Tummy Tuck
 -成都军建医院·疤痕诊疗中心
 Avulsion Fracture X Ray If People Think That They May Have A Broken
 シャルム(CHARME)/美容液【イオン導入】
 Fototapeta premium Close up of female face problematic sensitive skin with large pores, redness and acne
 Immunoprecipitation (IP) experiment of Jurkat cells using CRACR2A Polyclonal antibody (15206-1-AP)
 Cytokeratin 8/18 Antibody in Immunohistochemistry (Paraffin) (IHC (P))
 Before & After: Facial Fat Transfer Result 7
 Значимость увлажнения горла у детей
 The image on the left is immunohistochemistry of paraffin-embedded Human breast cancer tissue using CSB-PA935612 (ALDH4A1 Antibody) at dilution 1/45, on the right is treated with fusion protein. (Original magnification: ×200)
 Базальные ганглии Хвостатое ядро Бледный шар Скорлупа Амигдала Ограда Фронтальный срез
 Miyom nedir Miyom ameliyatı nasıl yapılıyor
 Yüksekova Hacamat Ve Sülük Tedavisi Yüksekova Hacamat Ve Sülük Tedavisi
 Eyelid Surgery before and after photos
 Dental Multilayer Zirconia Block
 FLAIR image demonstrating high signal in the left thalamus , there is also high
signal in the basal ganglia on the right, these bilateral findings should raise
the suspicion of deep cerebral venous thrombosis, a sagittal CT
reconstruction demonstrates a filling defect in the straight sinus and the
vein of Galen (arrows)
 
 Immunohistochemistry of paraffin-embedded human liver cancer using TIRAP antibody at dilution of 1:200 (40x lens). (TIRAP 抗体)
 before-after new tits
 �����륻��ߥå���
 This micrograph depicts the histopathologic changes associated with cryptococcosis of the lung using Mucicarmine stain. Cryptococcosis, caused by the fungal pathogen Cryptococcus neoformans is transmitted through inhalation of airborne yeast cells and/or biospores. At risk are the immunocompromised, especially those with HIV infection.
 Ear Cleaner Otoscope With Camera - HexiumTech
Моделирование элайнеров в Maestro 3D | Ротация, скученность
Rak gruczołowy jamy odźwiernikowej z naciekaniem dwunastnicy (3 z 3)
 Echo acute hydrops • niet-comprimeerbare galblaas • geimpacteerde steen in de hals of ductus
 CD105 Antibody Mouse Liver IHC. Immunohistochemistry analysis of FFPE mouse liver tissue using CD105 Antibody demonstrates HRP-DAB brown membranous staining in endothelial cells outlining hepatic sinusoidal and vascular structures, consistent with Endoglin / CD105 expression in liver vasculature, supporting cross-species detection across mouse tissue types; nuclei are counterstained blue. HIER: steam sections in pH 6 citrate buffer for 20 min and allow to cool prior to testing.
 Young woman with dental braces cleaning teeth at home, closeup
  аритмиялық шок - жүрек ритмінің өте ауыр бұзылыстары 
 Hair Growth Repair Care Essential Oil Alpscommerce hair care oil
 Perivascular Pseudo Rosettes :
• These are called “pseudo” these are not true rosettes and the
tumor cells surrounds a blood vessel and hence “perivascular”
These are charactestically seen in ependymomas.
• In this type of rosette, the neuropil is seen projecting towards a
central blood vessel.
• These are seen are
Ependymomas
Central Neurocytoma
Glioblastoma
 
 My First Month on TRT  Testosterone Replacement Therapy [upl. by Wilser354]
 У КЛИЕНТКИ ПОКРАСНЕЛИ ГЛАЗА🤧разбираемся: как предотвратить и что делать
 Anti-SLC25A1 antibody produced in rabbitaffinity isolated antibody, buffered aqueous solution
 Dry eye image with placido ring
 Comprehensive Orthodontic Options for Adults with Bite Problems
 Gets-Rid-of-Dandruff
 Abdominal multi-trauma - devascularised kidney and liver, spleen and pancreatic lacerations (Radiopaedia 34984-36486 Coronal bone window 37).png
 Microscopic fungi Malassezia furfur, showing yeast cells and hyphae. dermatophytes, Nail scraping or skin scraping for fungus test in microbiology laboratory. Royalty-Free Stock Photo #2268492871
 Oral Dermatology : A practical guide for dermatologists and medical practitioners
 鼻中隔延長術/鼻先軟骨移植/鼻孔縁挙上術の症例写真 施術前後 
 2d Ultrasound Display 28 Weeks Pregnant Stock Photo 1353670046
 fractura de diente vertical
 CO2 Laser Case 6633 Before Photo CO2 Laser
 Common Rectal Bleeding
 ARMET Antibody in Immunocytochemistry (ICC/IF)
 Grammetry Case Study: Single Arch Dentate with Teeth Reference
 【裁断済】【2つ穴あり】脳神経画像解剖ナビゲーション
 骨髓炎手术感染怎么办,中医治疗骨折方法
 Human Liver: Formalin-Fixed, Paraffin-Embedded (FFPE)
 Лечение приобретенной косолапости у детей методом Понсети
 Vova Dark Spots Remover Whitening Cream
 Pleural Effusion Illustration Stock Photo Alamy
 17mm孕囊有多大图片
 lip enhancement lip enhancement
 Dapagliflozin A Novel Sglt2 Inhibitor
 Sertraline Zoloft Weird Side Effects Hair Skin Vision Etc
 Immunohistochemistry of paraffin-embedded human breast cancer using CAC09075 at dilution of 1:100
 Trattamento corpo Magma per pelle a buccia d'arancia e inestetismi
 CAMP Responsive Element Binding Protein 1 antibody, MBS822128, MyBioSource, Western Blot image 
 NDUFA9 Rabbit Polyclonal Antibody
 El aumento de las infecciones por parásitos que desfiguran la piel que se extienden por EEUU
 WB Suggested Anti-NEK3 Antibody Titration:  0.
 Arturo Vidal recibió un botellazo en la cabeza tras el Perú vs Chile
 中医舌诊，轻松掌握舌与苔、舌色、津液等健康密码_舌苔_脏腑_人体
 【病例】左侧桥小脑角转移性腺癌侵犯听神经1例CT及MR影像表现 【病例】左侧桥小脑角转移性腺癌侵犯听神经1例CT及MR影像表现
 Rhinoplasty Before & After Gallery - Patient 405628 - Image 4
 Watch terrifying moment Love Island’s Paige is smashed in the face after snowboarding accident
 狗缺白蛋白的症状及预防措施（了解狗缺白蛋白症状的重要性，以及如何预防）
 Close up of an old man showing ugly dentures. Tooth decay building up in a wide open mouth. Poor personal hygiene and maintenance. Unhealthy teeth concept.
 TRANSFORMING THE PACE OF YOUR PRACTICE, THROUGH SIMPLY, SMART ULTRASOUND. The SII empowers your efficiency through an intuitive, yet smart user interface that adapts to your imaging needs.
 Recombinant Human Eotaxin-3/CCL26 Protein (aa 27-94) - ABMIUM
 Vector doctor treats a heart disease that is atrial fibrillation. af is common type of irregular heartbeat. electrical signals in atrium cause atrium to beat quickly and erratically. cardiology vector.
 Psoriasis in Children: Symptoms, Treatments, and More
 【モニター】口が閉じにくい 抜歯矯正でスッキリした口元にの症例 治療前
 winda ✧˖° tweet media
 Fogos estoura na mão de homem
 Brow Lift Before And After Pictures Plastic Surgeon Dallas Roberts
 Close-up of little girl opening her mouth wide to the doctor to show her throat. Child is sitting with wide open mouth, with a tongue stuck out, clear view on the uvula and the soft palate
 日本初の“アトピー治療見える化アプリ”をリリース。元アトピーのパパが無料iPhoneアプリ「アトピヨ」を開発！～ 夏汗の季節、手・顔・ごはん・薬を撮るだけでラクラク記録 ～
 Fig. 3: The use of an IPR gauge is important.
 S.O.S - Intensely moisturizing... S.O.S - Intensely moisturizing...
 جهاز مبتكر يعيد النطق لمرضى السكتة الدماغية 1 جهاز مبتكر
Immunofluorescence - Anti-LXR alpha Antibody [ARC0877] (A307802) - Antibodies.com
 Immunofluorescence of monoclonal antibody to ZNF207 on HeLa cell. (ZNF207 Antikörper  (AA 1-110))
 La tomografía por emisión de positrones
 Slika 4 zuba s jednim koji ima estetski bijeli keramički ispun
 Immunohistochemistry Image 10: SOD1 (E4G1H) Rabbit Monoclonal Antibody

*Task objective*.
The required output is the entries from their opening line through the line holding "Immunoprecipitation (IP) experiment", repeated exactly, with both end lines kept.

*Solution to this exercise*.
Tummy Tuck
 -成都军建医院·疤痕诊疗中心
 Avulsion Fracture X Ray If People Think That They May Have A Broken
 シャルム(CHARME)/美容液【イオン導入】
 Fototapeta premium Close up of female face problematic sensitive skin with large pores, redness and acne
 Immunoprecipitation (IP) experiment of Jurkat cells using CRACR2A Polyclonal antibody (15206-1-AP)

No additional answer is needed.